(Source records)
------
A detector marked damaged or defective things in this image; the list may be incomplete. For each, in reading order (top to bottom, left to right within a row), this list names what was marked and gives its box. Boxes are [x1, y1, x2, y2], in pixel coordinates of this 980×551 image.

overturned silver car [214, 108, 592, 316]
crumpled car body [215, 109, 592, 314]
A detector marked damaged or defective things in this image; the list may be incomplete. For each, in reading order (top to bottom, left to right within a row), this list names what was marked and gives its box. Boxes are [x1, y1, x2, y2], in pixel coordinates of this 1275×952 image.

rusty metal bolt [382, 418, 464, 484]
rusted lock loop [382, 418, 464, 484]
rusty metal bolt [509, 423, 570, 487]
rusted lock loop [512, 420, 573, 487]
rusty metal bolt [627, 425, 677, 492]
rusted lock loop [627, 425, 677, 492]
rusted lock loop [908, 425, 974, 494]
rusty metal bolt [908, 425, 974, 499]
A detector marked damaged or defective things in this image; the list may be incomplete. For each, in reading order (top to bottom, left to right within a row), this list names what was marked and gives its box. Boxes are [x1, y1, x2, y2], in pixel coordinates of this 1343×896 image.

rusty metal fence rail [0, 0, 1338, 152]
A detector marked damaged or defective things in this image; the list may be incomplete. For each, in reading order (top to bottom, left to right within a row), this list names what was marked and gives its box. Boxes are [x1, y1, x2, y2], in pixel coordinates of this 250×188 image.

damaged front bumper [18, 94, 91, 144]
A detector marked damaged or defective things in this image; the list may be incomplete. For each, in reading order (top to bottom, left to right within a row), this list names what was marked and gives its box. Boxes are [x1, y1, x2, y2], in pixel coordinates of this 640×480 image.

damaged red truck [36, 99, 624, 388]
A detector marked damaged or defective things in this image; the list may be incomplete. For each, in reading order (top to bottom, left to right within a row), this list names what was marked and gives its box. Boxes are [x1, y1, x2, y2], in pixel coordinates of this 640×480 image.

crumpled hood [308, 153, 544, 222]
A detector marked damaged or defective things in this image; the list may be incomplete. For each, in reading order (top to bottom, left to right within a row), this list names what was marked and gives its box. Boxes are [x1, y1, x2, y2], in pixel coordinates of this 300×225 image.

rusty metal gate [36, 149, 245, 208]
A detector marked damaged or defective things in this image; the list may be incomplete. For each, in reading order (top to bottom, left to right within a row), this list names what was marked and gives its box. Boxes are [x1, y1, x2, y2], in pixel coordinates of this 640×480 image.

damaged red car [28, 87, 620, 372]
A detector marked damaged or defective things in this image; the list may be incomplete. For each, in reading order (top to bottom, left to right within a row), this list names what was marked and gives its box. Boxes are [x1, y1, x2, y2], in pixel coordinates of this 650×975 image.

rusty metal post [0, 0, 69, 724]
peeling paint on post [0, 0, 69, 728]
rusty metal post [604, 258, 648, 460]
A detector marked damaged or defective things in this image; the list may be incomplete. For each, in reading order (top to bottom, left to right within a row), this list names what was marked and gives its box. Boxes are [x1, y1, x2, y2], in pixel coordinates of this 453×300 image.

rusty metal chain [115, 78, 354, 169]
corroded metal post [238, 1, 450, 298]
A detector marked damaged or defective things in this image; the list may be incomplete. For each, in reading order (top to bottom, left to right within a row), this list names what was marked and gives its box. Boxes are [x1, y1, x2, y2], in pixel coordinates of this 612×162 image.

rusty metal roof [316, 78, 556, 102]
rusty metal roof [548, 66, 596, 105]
------
• _TRY IT_
An exact transcription of all the records is required.

• _YOUR SOLUTION_
A detector marked damaged or defective things in this image; the list may be incomplete. For each, in reading order (top to bottom, left to right within a row), this list names what was marked and gives its box. Boxes are [x1, y1, x2, y2], in pixel coordinates of this 980×551 image.

overturned silver car [214, 108, 592, 316]
crumpled car body [215, 109, 592, 314]
A detector marked damaged or defective things in this image; the list may be incomplete. For each, in reading order (top to bottom, left to right within a row), this list names what was marked and gives its box. Boxes are [x1, y1, x2, y2], in pixel coordinates of this 1275×952 image.

rusty metal bolt [382, 418, 464, 484]
rusted lock loop [382, 418, 464, 484]
rusty metal bolt [509, 423, 570, 487]
rusted lock loop [512, 420, 573, 487]
rusty metal bolt [627, 425, 677, 492]
rusted lock loop [627, 425, 677, 492]
rusted lock loop [908, 425, 974, 494]
rusty metal bolt [908, 425, 974, 499]
A detector marked damaged or defective things in this image; the list may be incomplete. For each, in reading order (top to bottom, left to right within a row), this list names what was marked and gives its box. Boxes are [x1, y1, x2, y2], in pixel coordinates of this 1343×896 image.

rusty metal fence rail [0, 0, 1338, 152]
A detector marked damaged or defective things in this image; the list may be incomplete. For each, in reading order (top to bottom, left to right within a row), this list names what was marked and gives its box. Boxes are [x1, y1, x2, y2], in pixel coordinates of this 250×188 image.

damaged front bumper [18, 94, 91, 144]
A detector marked damaged or defective things in this image; the list may be incomplete. For each, in reading order (top to bottom, left to right within a row), this list names what was marked and gives its box. Boxes are [x1, y1, x2, y2], in pixel coordinates of this 640×480 image.

damaged red truck [36, 99, 624, 388]
A detector marked damaged or defective things in this image; the list may be incomplete. For each, in reading order (top to bottom, left to right within a row), this list names what was marked and gives its box. Boxes are [x1, y1, x2, y2], in pixel coordinates of this 640×480 image.

crumpled hood [308, 153, 544, 222]
A detector marked damaged or defective things in this image; the list may be incomplete. For each, in reading order (top to bottom, left to right within a row), this list names what was marked and gives its box. Boxes are [x1, y1, x2, y2], in pixel coordinates of this 300×225 image.

rusty metal gate [36, 149, 245, 208]
A detector marked damaged or defective things in this image; the list may be incomplete. For each, in reading order (top to bottom, left to right within a row), this list names what was marked and gives its box. Boxes are [x1, y1, x2, y2], in pixel coordinates of this 640×480 image.

damaged red car [28, 87, 620, 372]
A detector marked damaged or defective things in this image; the list may be incomplete. For each, in reading order (top to bottom, left to right within a row), this list names what was marked and gives its box. Boxes are [x1, y1, x2, y2], in pixel coordinates of this 650×975 image.

rusty metal post [0, 0, 69, 724]
peeling paint on post [0, 0, 69, 728]
rusty metal post [604, 258, 648, 460]
A detector marked damaged or defective things in this image; the list may be incomplete. For each, in reading order (top to bottom, left to right within a row), this list names what was marked and gives its box. Boxes are [x1, y1, x2, y2], in pixel coordinates of this 453×300 image.

rusty metal chain [115, 78, 354, 169]
corroded metal post [238, 1, 450, 298]
A detector marked damaged or defective things in this image; the list may be incomplete. For each, in reading order (top to bottom, left to right within a row), this list names what was marked and gives its box. Boxes are [x1, y1, x2, y2], in pixel coordinates of this 612×162 image.

rusty metal roof [316, 78, 556, 102]
rusty metal roof [548, 66, 596, 105]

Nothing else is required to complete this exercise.